How not to use Twitter #1: The Labour Party
Martin Robbins recently wrote an astute piece for the New Statesman about the woeful state of how the British Labour Party uses social media (and Twitter in particular). It‘s a great article that provides many specific examples of poorly constructed tweets that comprise terrible text and/or imagery. I highly recommend it to everyone; his concluding statement to Labour — Hire somebody who knows how to use Twitter properly — is thoroughly merited.
Text + image = success?
I’d like to add yet another example of poor tweeting by @UKLabour that I witnessed today. It is not exactly a secret to know that a good image can really increase the engagment of a post on social media. Images that include text can also be a good way of getting past that pesky 140 character limit.
However, images are not a guaranteed way of making your tweets capture everyone’s attention, especially when the accompanying text from the tweet doesn’t really add anything to what’s in the image.
Let’s look at a series of tweets that appeared on the @UKLabour account today. These tweets were posted as part of a speech by Jeremy Corbyn to the Federation of Small Businesses.
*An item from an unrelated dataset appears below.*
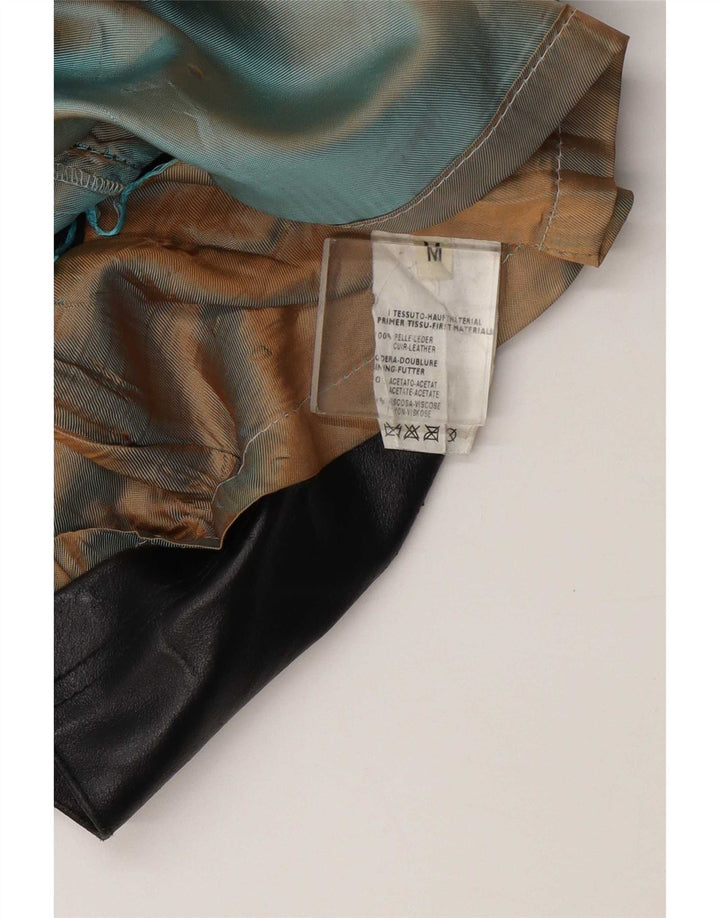 jupe en cuir femme vintage Medium W28 Noir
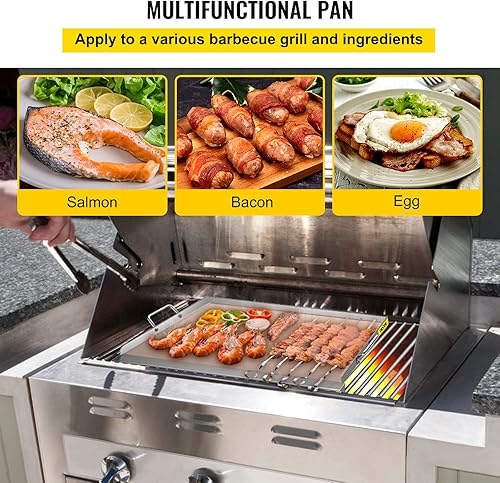 Miniatura 6 de VEVOR Plancha de acero inoxidable placa superior plana de 23 x 16 pulgadas plancha para parrilla de carbón y gas con 2 asas parrilla rectangular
Tweet number 1:
The second part of the text from the attached image — to stop giveaways to big corporations, at the expense of small businesses — is reproduced verbatim in the text of the tweet itself. At least both of these passages of text start differently…which is more than can be said of the three tweets that immediately followed:
These tweets remind me of a bad Powerpoint presentation where the speaker is just reading the text off of a slide. The images are adding very little value to the text of the tweets (or should that be that the text of the tweets are adding very little value to the images?).
Using Jeremy Corbyn’s image in every tweet — always looking slightly past your shoulder — also produces a strange effect when you see all four tweets side by side in your timeline:
The effect is of a visual stutter and one might think, at first glance, that someone accidentally sent the same tweet multiple times. Will Jeremy Corbyn’s visage be attached to every policy initiative that the Labour Party announces?
The effect of these tweets is to suggest — and this may well be intentional — that these are all Jeremy’s policies rather than belonging to the wider party.
Labour, Labour, Labour, Labour, Labour
If you include the account name (The Labour Party) and Twitter handle (@UKLabour) then three of the four tweets include the word ‘Labour’ five times which feels a bit excessive.
You could make a case that as these images mostly reproduce text from the associated tweets, that they aren’t really needed at all. An alternative solution would be to omit images from the four tweets but include an additional tweet that has one image that summarises the main points, i.e. something like this:
Do they like it?
At the time of writing these tweets have averaged just over 300 likes each…which is the equivalent of less than 1 in 1,000 of @LabourUK’s followers liking each tweet.